PhD Dissertation: Gülin Baran, DECIPHERING GLIOBLASTOMA–BLOOD–BRAIN BARRIER INTERACTIONS THROUGH HUMANIZED IN VITRO SYSTEMS: FROM MECHANISTIC UNDERSTANDING TO THERAPEUTIC INSIGHT,

DECIPHERING GLIOBLASTOMA–BLOOD–BRAIN BARRIER INTERACTIONS THROUGH HUMANIZED IN VITRO SYSTEMS: FROM MECHANISTIC UNDERSTANDING TO THERAPEUTIC INSIGHT

Gülin Baran
Molecular Biology, Genetics and Bioengineering, PhD Dissertation, 2025

Thesis Jury

Asst. Prof. Nur Mustafaoglu.(Dissertation Supervisor)

Asst. Prof. Sibel Çetinel
Prof. Bahattin Koç

Asst. Zeynep Tokcaer-Keskin

Asst. Prof. Ece Öztürk

Date & Time: December 19th, 2025 – 2:00 PM

Place: FASS 1010

Keywords : glioblastoma biology, blood-brain barrrier, iPSC, microfluidic device, drug

Abstract

Glioblastoma (GBM), an invasive tumor of the central nervous system, exhibits nearly all classical hallmarks of cancer. Despite decades of research, its biology remains incompletely understood, particularly regarding its rare metastatic behavior, tumor–microenvironment crosstalk, and strong resistance to drug delivery imposed by the blood–brain barrier (BBB) and blood–tumor barrier.
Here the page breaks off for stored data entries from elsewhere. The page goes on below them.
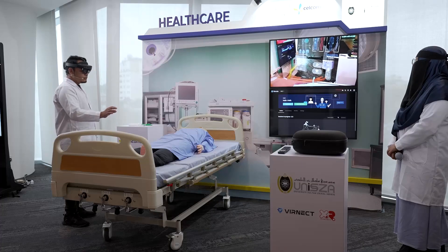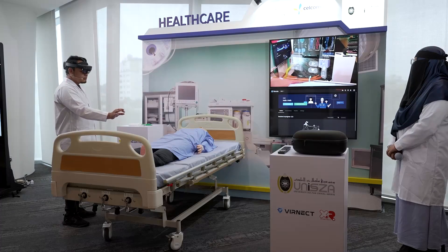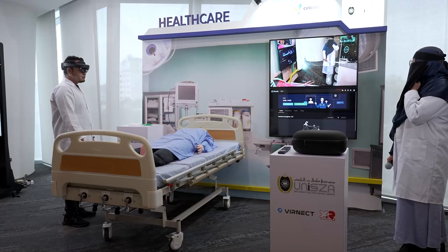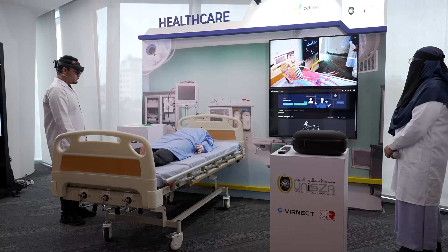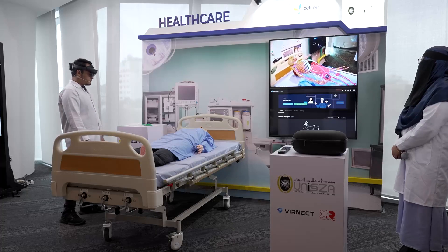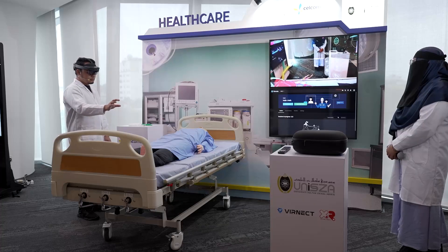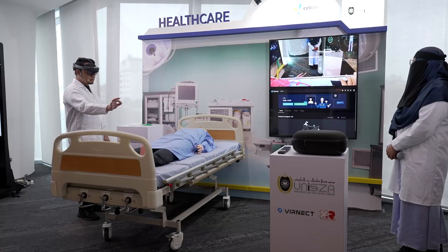Now we need to go to anatomy for an in-depth examination. I see the anatomy button and navigate to it. For the skeletal view, I click the right-hand skeletal button to diagnose.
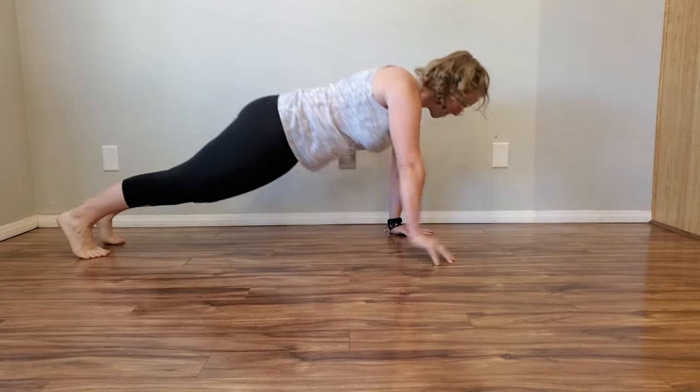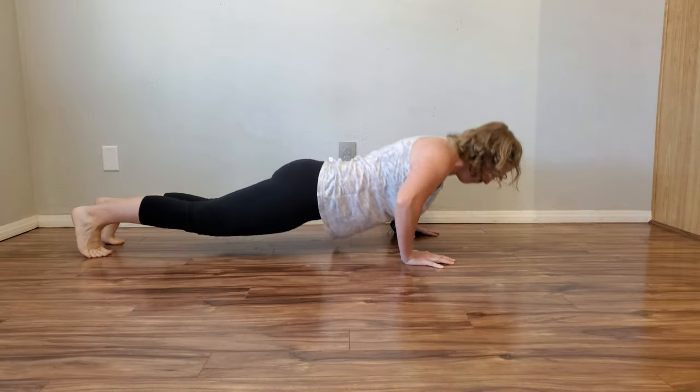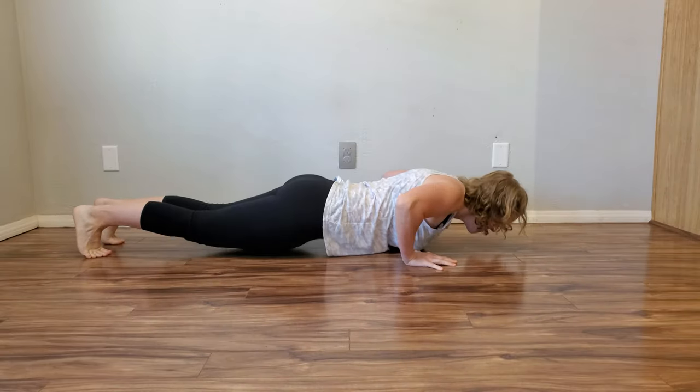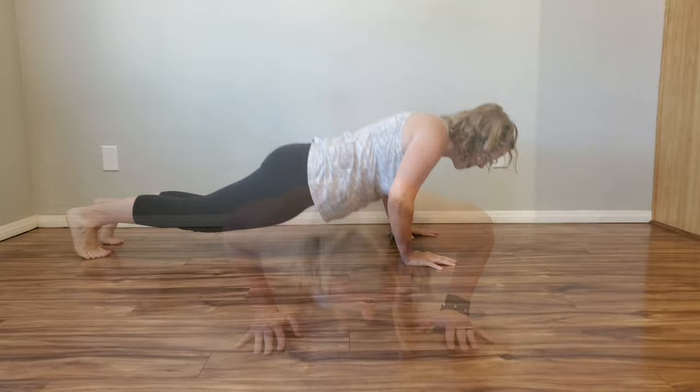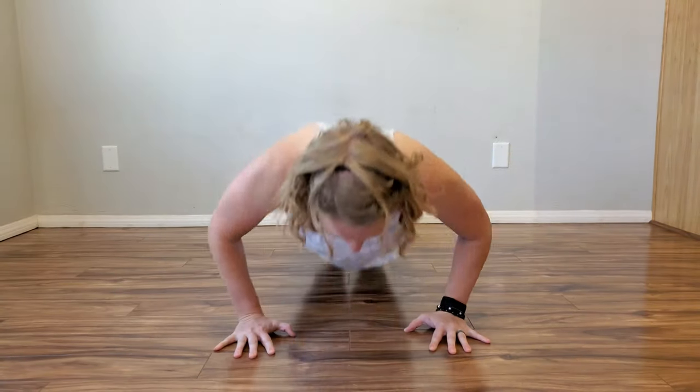Perform a push-up focusing on a quick ascent to the top of the push-up. Use more momentum to lift one hand off the floor and reach straight ahead. Alternate hands with each push-up. Resist rotation with your hips and be sure to make your hands land in the same position and width.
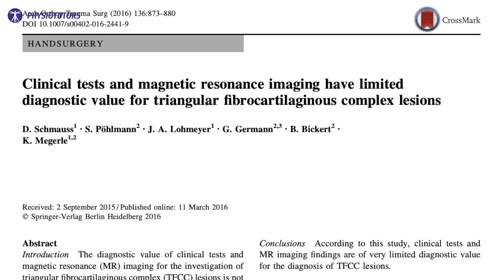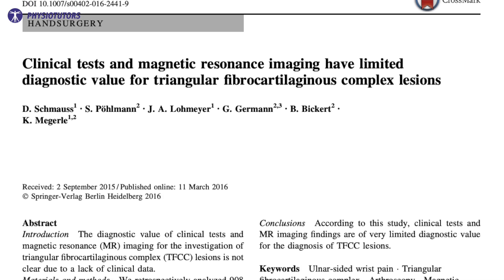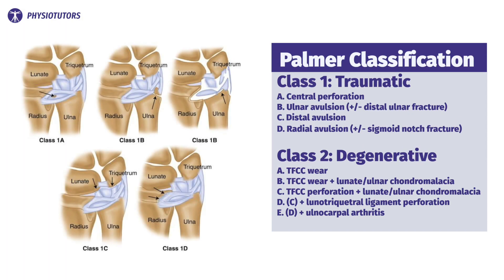Schmoes et al. from the year 2016 examined the ulnar grinding test regarding its clinical accuracy. The authors found a sensitivity of 90% and a specificity of 20%. The results varied slightly depending on the Palmer classification, which divides TFCC lesions into traumatic and degenerative origin and into location and kind of lesion. Due to the poor specificity of this test, the diagnostic value is rather weak. Interestingly, MRI imaging did not perform better, reaching a comparably high sensitivity and poor specificity in this study.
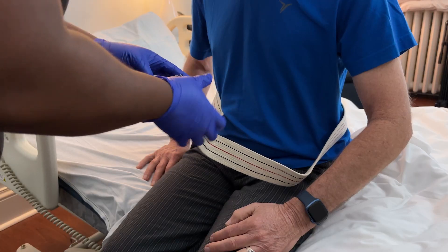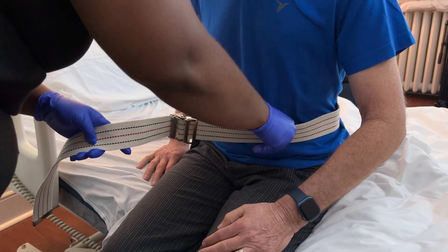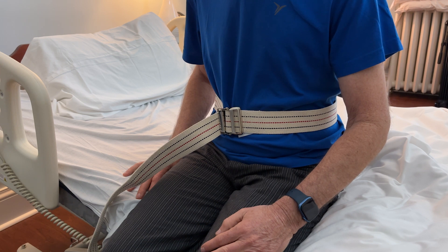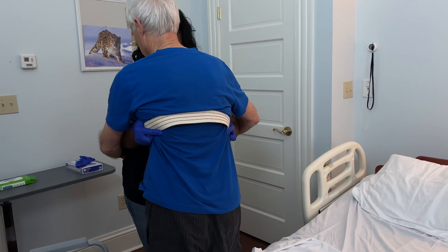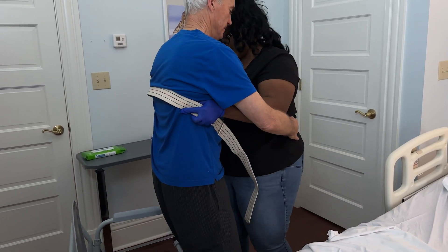Next, place the gait belt around the patient's waist securely. This will provide you with a firm grip during the transfer. Make sure your loved one is sitting on the edge of the bed with their feet flat on the ground. The pivot technique involves turning your loved one's body as a unit while maintaining their balance and support. Review the process with your loved one prior to transferring.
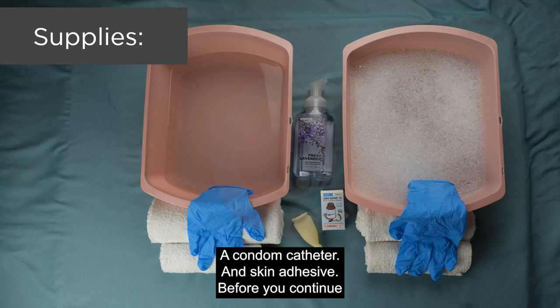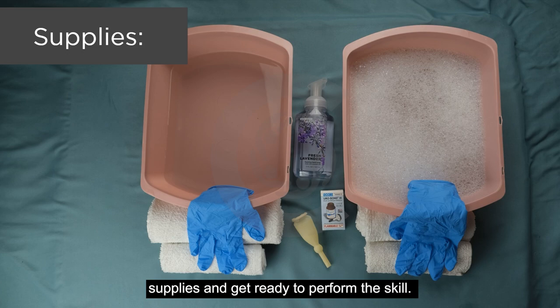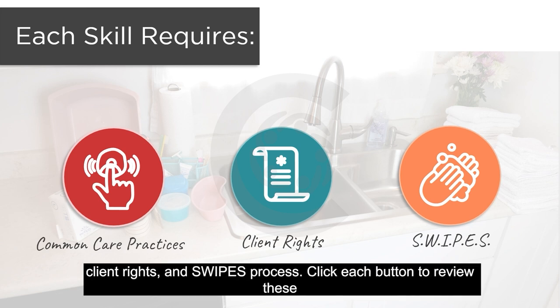Before you continue, gather your supplies and take some notes — it will help you prepare all the necessary supplies and get ready to perform the skill. When assisting your client, remember to incorporate your common care practices, client rights, and SWIPES process.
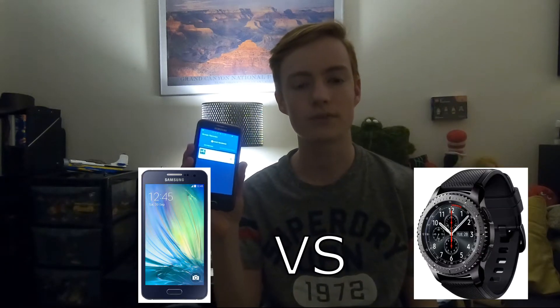Hi guys, welcome back to my channel. Today's video, I'm going to be doing a 'what's on my phone and what's on my smart watch' video. You might have seen other YouTubers doing this kind of video, but I've sort of changed it up to my idea using my smart watch, which I've got right here.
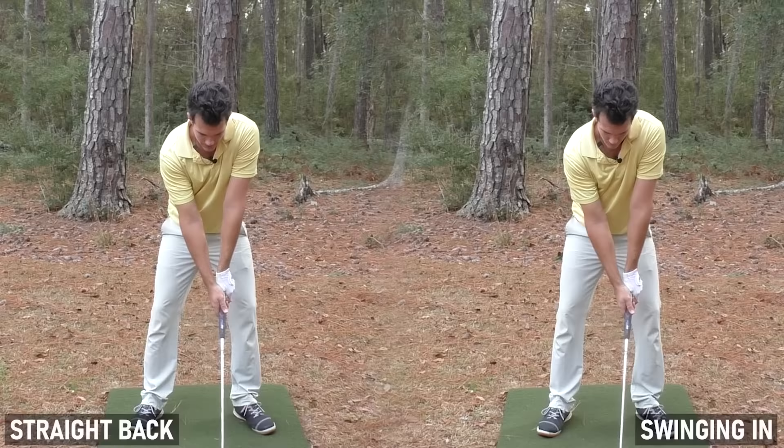Check out the difference between swinging straight back and swinging in. As I swing the club in, it gets my hips turning, which gets my shoulders turning more, and now I'm ready to destroy this golf ball. Swinging the club in hinges the wrist naturally, gives you the same backswing every time for incredible consistency, and keeps the arms straight. When you're swinging straight back, you have to do everything at the right time — forget that. Swinging in makes it all automatic.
To address these gaps, this dissertation investigates GBM within the context of its limited metastatic potential, dynamic microenvironmental interactions, and targeted therapy approaches. We developed physiologically relevant, fully human cell–based in vitro GBM models integrated with BBB compartments composed of human induced pluripotent stem cell–derived brain microvascular endothelial cells (iBMECs), astrocytes, pericytes, and GBM cells within custom-made microfluidic devices. Our findings demonstrate that astrocyte-derived secretomes significantly enhance GBM invasiveness, while GBM- and astrocyte/GBM-conditioned media reshape the proteomic profile of iBMECs, inducing partial and reversible endothelial-to-mesenchymal transition without compromising barrier integrity, suggesting a mechanism contributing to GBM’s rare metastatic nature. We further established 3D healthy BBB-on-a-chip and GBM-BBB-on-a-chip platforms to investigate GBM-derived extracellular vesicles, revealing distinct particle signatures in healthy versus diseased conditions. These models also enabled the evaluation of nanoparticle-based drug shuttling systems. Finally, we engineered surface-modified rice husk-derived mesoporous silica nanoparticles functionalized with amine, carboxyl, or polyethylene glycol groups to assess their drug delivery efficiency across the human BBB under both healthy and GBM conditions. Overall, this work demonstrates that physiologically relevant, humanized GBM-BBB-on-a-chip models are powerful platforms for dissecting GBM biology and evaluating nanoparticle-based therapeutic strategies, supporting their application in targeted and personalized medicine.